The problem of the commons is more important to our lives and thus more central to economics than a century ago when Katharine Coman led off the first issue of the American Economic Review. As the U.S. and other economies have grown, the carrying-capacity of the planet— in regard to natural resources and environmental quality — has become a greater concern, particularly for common-property and open-access resources. The focus of this article is on some important, unsettled problems of the commons. Within the realm of natural resources, there are special challenges associated with renewable resources, which are frequently characterized by openaccess. An important example is the degradation of open-access fisheries. Critical commons problems are also associated with environmental quality. A key contribution of economics has been the development of market-based approaches to environmental protection. These instruments are key to addressing the ultimate commons problem of the twenty-first century — global climate change.
One hundred years ago, the American Economic Review published a landmark study highlighting what is now widely termed “the problem of the commons”—the gradual depletion of commonly held natural resources.
In a new RFF Discussion Paper, “The Problem of the Commons: Still Unsettled after 100 Years,” economist Robert N. Stavins finds that concerns about the commons have dramatically resurfaced in recent years as doubts grow about the carrying capacity of the planet, particularly over the issue of climate change.
“Commons problems have not diminished, and the lag between understanding and action can be long,” says Stavins, a professor at the John F. Kennedy School of Government at Harvard University and an RFF University Fellow. “While some commons problems have been addressed successfully, others continue to emerge. Some—such as the threat of global climate change—are both more important and more difficult than problems of the past. Fortunately, economics is well positioned to offer better understanding and better policies to address these ongoing challenges.”
Stavins notes that many renewable natural resources, such as water, forests, fisheries, and diverse plant and animal species, have been depleted or rendered extinct because of poorly defined property-right regimes. Market failures also have led to degradation of air and water quality, inappropriate disposal of hazardous waste, depletion of stratospheric ozone, and accumulation in the atmosphere of greenhouse gases linked to global warming.

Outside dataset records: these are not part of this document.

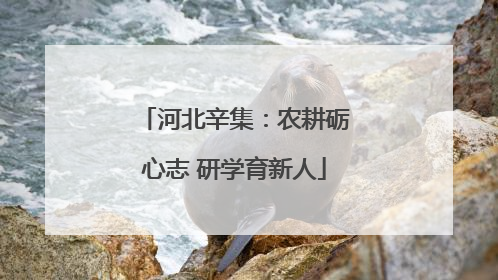 河北辛集：农耕砺心志 研学育新人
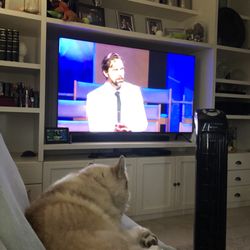 Campus Hill Church Of Seventh-Day Adventists Loma Linda - House/dog sitting Always check in on Sabbath  when I can't make it to church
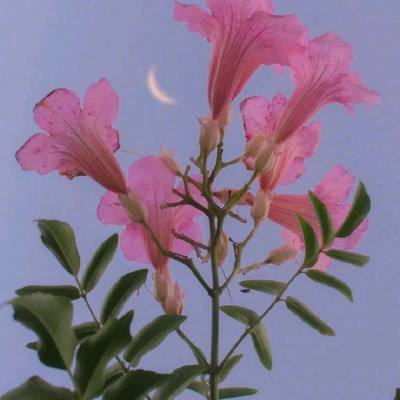 爆炸实验手游下载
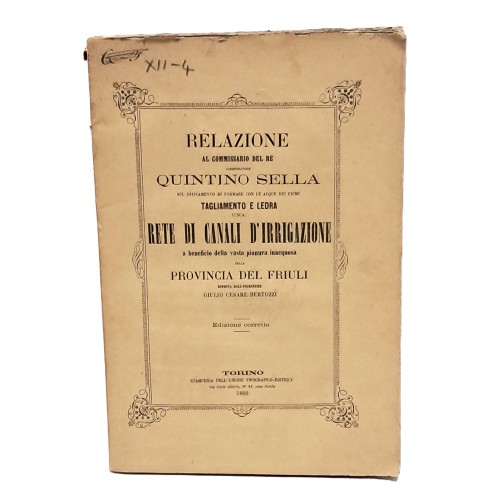 Relazione al commissario del re Quintino Sella sul divisamento di formare con le acque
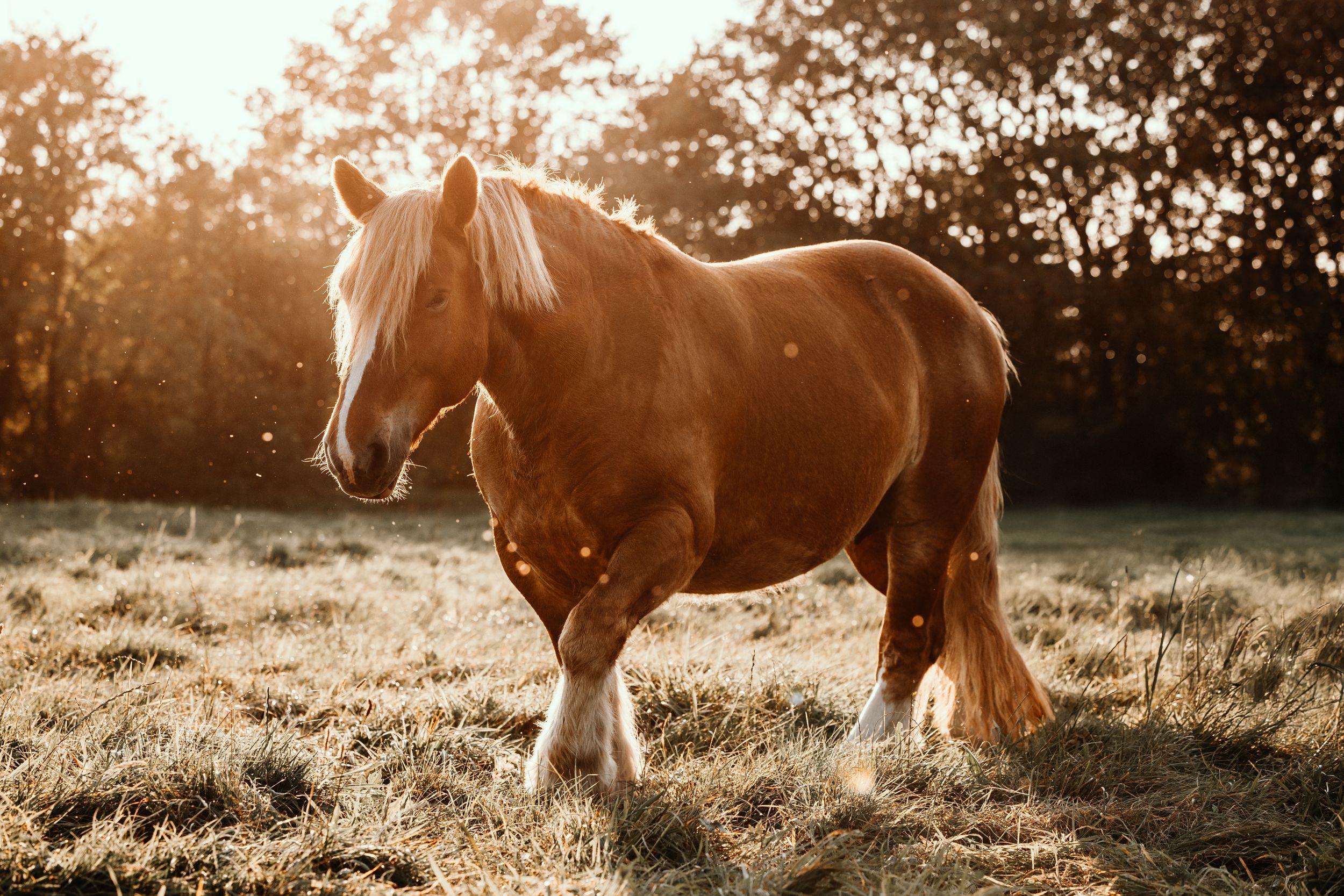 Golden chestnut horse with white mane stands in a frost-covered field at sunrise.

“The irony is obvious: many nonrenewable natural resources, which are in finite supply, have not become more scarce over time, and none has been exhausted; but renewable natural resources, which have the capacity to regenerate themselves, have in many cases become more scarce, and in some cases have indeed been exhausted, that is, become extinct,” Stavins writes.
“This irony can be explained by the fact that while most nonrenewable natural resources are characterized by well-defined, enforceable property rights, many renewable resources are held as common property or open-access.”
Excerpts from the Paper
“Climate change is a commons problem of unparalleled magnitude along two key dimensions: temporal and spatial. In the temporal domain, it is a stock, not a flow problem, with greenhouse gases remaining in the atmosphere for decades to centuries. In the spatial domain, greenhouse gases uniformly mix in the atmosphere, and so the nature, magnitude, and location of damages are independent of the location of emissions. Hence, for any individual political jurisdiction, the direct benefits of taking action will inevitably be less than the costs, producing a free-rider problem, and thereby suggesting the importance of international—if not global—cooperation.

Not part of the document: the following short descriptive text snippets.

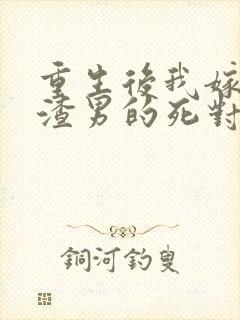 重生后我嫁给了渣男的死对头253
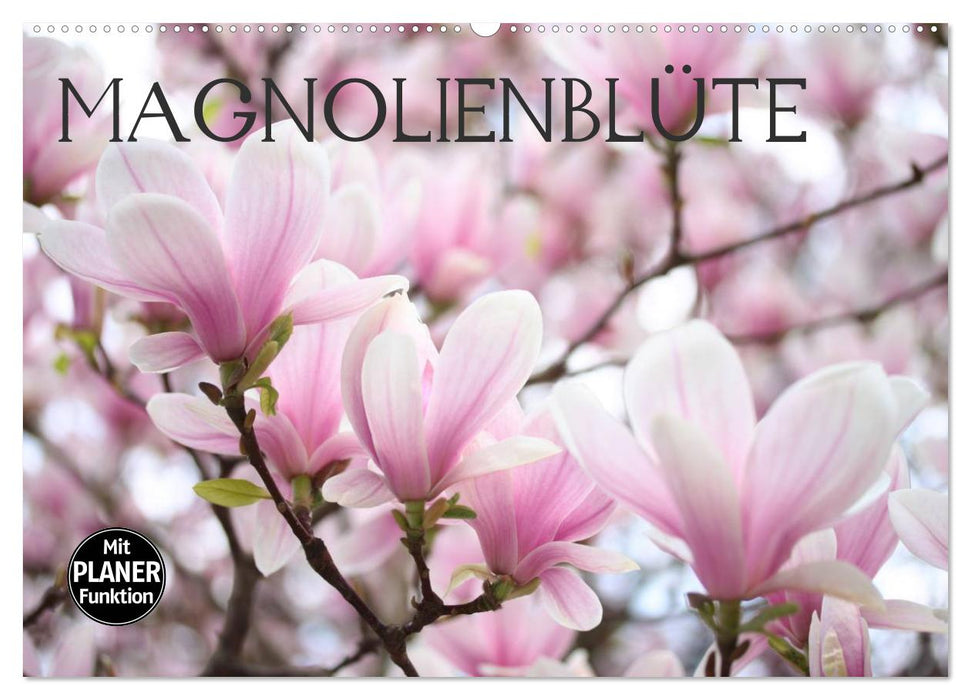 Magnolienblüte (CALVENDO Wandkalender 2024)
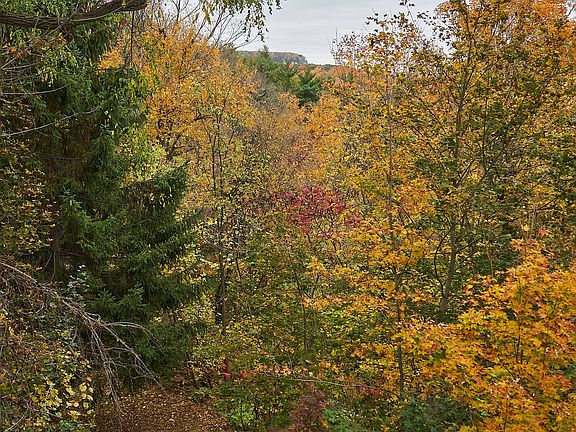 2nd image of 7095 Guelph Line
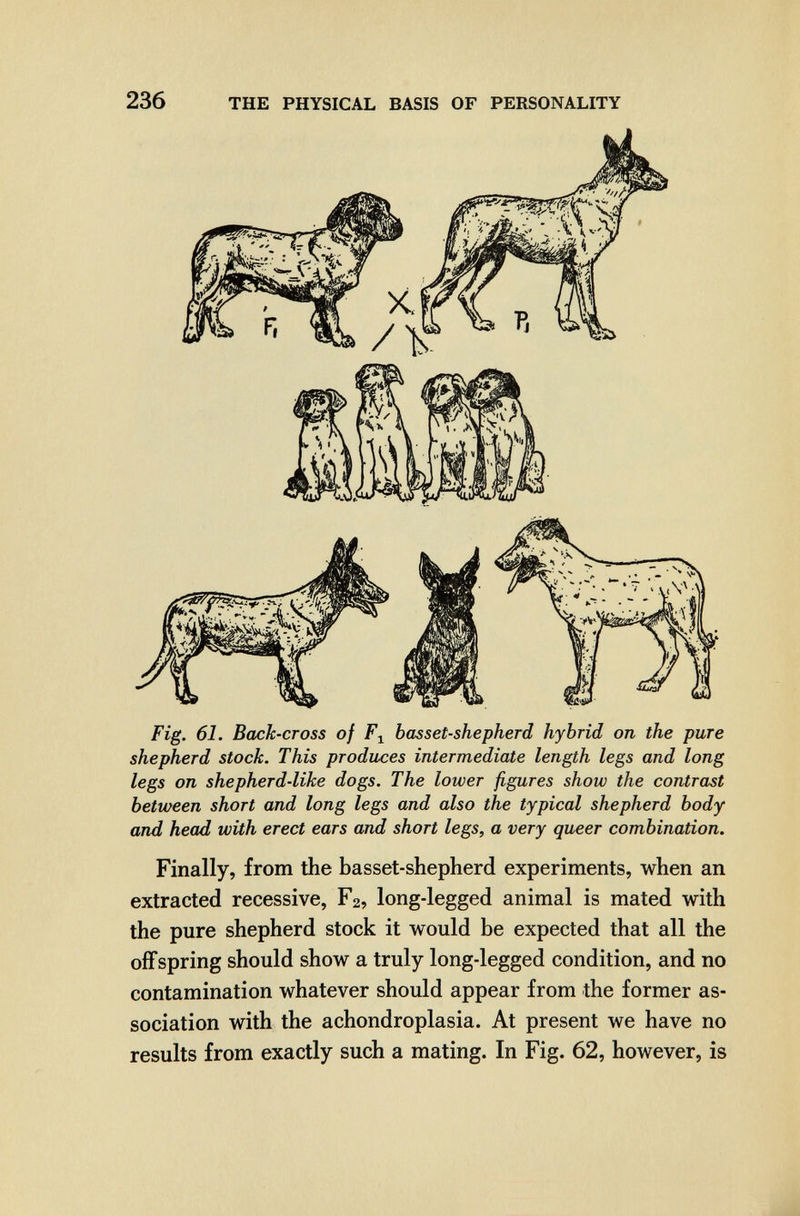 236 THE PHYSICAL BASIS OF PERSONALITY Fig. 61. Back-cross of basset-shepherd hybrid on the pure shepherd stock. This produces intermediate length legs and long legs on shepherd-like dogs. The lower figures show the contrast between short and long legs and also the typical shepherd body and head with erect ears and short legs, a very queer combination. Finally, from the basset-shepherd experiments, when an extracted recessive, F2, long-legged animal is mated with the pure shepherd stock it would be expected that all the offspring should show a truly long-legged condition, and no contamination whatever should appear from the former as¬ sociation with the achondroplasia. At present we have no results from exactly such a mating. In Fig. 62, however, is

“There is widespread agreement among economists (and a diverse set of other policy analysts) that economywide carbon pricing will be an essential ingredient of any policy that can achieve meaningful reductions of CO2 emissions cost-effectively, at least in the United States and other industrialized countries. The ubiquitous nature of energy generation and use and the diversity of CO2 sources in a modern economy mean that conventional technology and performance standards would be infeasible and—in any event—excessively costly. There is somewhat less agreement among economists regarding the choice of specific carbon-pricing policy instruments; some tend to support carbon taxes and others cap-and-trade mechanisms.
“In truth, the two approaches are more similar than different. A carbon tax would directly place a price on carbon (most likely upstream, where fossil fuels—coal, petroleum, and natural gas—enter the economy), with quantities of carbon use and CO2 emissions adjusting in response. An upstream carbon cap-and-trade system would constrain the quantity of carbon entering the economy, with prices emerging indirectly from the market for allowances. Either instrument can be designed—in principle—to be equivalent to the other in distributional terms. If allowances are auctioned, a cap-and-trade system looks much like a carbon tax from the perspective of regulated firms. Likewise, if tax revenues are refunded in particular ways, a carbon tax can resemble cap-and-trade with free allowances.”